# This notebook will be an attempt to solve a business problem: Can a studio or publisher predict an approximate score their show will get based off the show's initial features?
## We are going to use a robust xgboost regressor since it's an ensemble with decision trees which work well on categorical data

In [20]:
import pandas as pd
from sklearn.model_selection import cross_val_score
from sklearn.model_selection import train_test_split
import xgboost as xgb

Reading data

In [21]:
data = pd.read_csv('Data/animelist_filt.csv')

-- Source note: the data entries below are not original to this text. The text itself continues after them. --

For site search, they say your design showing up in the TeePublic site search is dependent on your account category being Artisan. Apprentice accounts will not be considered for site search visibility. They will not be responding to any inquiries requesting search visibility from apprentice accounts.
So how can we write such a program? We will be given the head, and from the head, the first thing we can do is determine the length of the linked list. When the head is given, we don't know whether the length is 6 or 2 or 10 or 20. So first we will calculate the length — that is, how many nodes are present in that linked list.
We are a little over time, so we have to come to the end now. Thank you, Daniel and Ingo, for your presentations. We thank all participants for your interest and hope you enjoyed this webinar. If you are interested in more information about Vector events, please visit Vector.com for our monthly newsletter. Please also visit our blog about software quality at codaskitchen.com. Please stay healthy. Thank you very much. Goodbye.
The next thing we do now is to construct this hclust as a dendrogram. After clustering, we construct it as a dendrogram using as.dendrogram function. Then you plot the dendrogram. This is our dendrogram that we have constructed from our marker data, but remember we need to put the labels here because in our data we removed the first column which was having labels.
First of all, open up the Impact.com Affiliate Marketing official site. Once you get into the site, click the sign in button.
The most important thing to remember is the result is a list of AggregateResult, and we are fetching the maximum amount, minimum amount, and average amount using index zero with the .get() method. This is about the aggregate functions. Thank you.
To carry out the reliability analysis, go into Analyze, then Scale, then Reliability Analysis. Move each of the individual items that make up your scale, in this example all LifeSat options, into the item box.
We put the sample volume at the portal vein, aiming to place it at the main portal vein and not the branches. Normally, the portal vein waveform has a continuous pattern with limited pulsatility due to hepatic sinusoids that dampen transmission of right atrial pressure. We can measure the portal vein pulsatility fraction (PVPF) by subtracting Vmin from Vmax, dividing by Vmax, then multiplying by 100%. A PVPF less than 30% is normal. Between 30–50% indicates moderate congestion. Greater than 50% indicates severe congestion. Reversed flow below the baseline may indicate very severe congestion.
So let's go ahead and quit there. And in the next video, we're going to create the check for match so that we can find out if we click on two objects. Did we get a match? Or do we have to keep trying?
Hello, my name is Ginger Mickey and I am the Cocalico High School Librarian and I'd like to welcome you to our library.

One-hot encoding additional features

In [22]:
data['season'] = data['premiered'].str.extract(r'(\w+)\s\d{4}')
seasons = data['season'].str.get_dummies(sep=', ')
seasons = seasons.add_prefix('season_')
data = pd.concat([data, seasons], axis=1).drop('season', axis=1)
prefixes = ["genre_", "studio_", "season_", "source_"]
X = data[[col for col in data.columns if any(col.startswith(prefix) for prefix in prefixes) or col == 'episodes']] 
# Longer shows are proven to have higher mean ratings, so episode counts are crucial
y = data['score']

Splitting the data

In [23]:
X_train, X_test, y_train, y_test = train_test_split(X, y, test_size=0.2, random_state=20)

Training the model and testing/Cross-validating it

In [24]:
xg_reg = xgb.XGBRegressor(objective='reg:squarederror', colsample_bytree=0.7, learning_rate=0.1,
                          max_depth=5, alpha=10, n_estimators=100)
xg_reg.fit(X_train, y_train)
y_pred = xg_reg.predict(X_test)
print(f"Accuracy: {xg_reg.score(X_test, y_test)}")
cv_scores = cross_val_score(xg_reg, X, y, cv=5, scoring='neg_mean_squared_error')
mean_cv_score = -cv_scores.mean()
std_cv_score = cv_scores.std()
print(f"Mean Cross-Validation Score: {mean_cv_score}")
print(f"Cross-Validation deviation: {std_cv_score}")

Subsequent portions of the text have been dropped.